Taylor v. Richman
This text of 87 Ill. App. 419 (Taylor v. Richman) is published on Counsel Stack Legal Research, covering Appellate Court of Illinois primary law. Counsel Stack provides free access to over 12 million legal documents including statutes, case law, regulations, and constitutions.
Opinion
delivered the opinion of the court.
At the February term, 1897, of the Circuit Court of Mason County, the defendant in error brought suit against the plaintiffs in error to recover interest due on a promissory note for $2,524, dated May 14, 1894, and due in six years. The note bore interest at the rate of seven per cent, payable annually, and at the time suit was brought there was two years’ interest due, amounting to $353.36. The damages were laid in the declaration at $500. The case was continued for service on defendants not served until the August term, 1897, at which time another year’s interest had become due.

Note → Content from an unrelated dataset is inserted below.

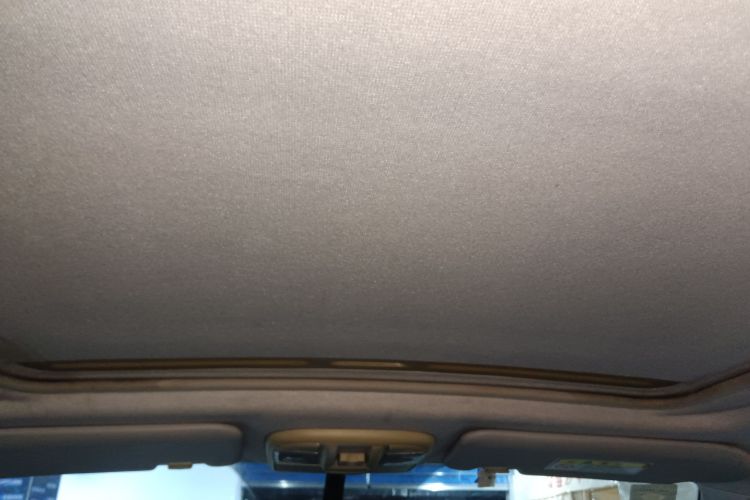 海马S7 2017款 1.8T 手动豪华版中控内饰22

No pleas being filed, judgment by default was entered against the plaintiffs in error for $568.76, being for three years’ interest, and $68.76 in excess of the ad damnum in the declaration.
The judgment is erroneous, for two reasons: It exceeds the ad damvnum in the declaration. It is reversible error to enter judgment for a greater amount than is claimed in the plaintiffs’ declaration. Hichins v. Lyon, 35 Ill. 150; Altes v. Hinckler et al., 36 Ill. 275; Kelly v. National Bank, etc., 64 Ill. 541.
It includes a year’s interest that was not due at the time suit was commenced. It is well settled that a party can not recover for money not due at the time of instituting suit.
The judgment will be reversed and the cause remanded.